# similar to debodun's repair topic..



## JaniceM (Jun 19, 2020)

I didn't want to hijack Deb's thread, so I'm posting this separately on a somewhat similar issue:

One of the incompetent contractors tore holes in the walls, and the main concern is the outer wall-  when it rained/stormed, and rainfall was in certain direction, water came in and flooded the room.  After this happened numerous times I used caulk-  but evidently didn't have/use enough because it happened again recently.  So this time I used more, and caulk is labeled waterproof, primarily for exterior use.  

First, what do you think the chance is that this will keep the water out?

Second, considering how water came in, don't you think the damage is probably extreme enough that the OUTSIDE of the building should be checked and repaired?  

(Unlike Deb, though, I'm a tenant not a homeowner)


----------



## Aunt Marg (Jun 19, 2020)

Is it possibly for you to post a picture or two?


----------



## JaniceM (Jun 19, 2020)

Aunt Marg said:


> Is it possibly for you to post a picture or two?


The room it's in is at a higher level-  wouldn't be able to reach it without a ladder..


----------



## Aunt Marg (Jun 19, 2020)

Just trying to get an idea as to how the rain is migrating into the house.

Could it be from open areas in the roof itself, and not a result of holes in the wall?

From outside your home can you see the exterior walls that are compromised with holes in them? Is there missing siding, etc?


----------



## JaniceM (Jun 19, 2020)

Aunt Marg said:


> Just trying to get an idea as to how the rain is migrating into the house.
> 
> Could it be from open areas in the roof itself, and not a result of holes in the wall?
> 
> From outside your home can you see the exterior walls that are compromised with holes in them?

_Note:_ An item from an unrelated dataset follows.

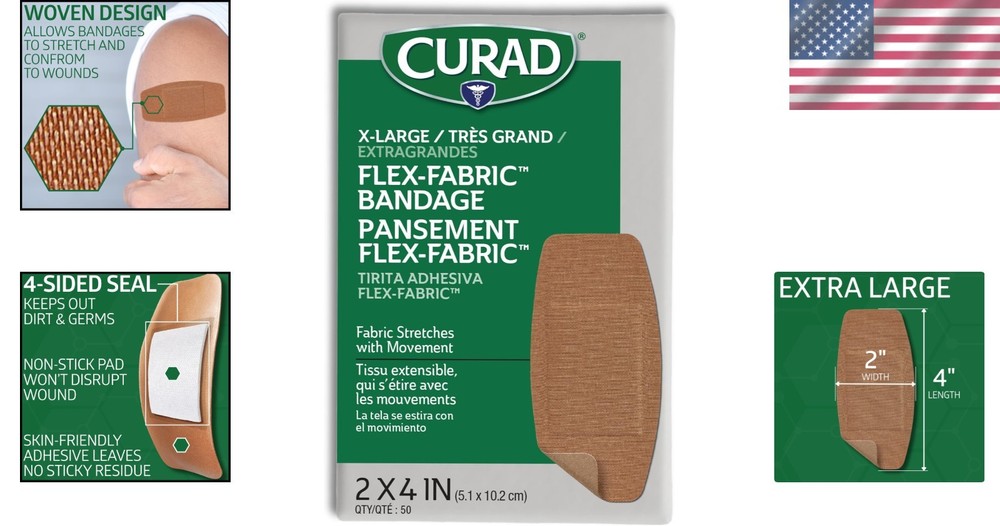 Natural Fabric Adhesive Bandages, 50 Pack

Is there missing siding, etc?


Similar to Deb's house, it's brick.  Although the building is very old, I lived here for many years and never experienced this til the guy tore the holes in the walls.  

Also, while my main concern is keeping water out, I'm also concerned it could be getting _underneath _the flooring.


----------



## Aunt Marg (Jun 19, 2020)

When hubby get's home from work tonight I'll run this thread by him so he can weigh-in on it.

It sounds to me as though water is infiltrating the exterior structure of the home, then making it's way down the inside of a wall, before coming out near an area floor level.

If such is the case, sealing the leaking area will not only prove to be a temporary fix, it fails to address the true problem of an exposed area much higher.


----------



## Keesha (Jun 19, 2020)

JaniceM said:


> I didn't want to hijack Deb's thread, so I'm posting this separately on a somewhat similar issue:
> 
> One of the incompetent contractors tore holes in the walls, and the main concern is the outer wall-  when it rained/stormed, and rainfall was in certain direction, water came in and flooded the room.  After this happened numerous times I used caulk-  but evidently didn't have/use enough because it happened again recently.  So this time I used more, and caulk is labeled waterproof, primarily for exterior use.
> 
> ...


A contractor put holes in your walls?
What are your walls made of?
Is there a vapour barrier between the siding / bricks and particle board ? What’s your house made of?
If water came in and flooded the room then patching the wall up with caulking, isn’t working. With something THIS serious, I’d talk to a professional. Even if you don’t hire them, at least get a professional opinion.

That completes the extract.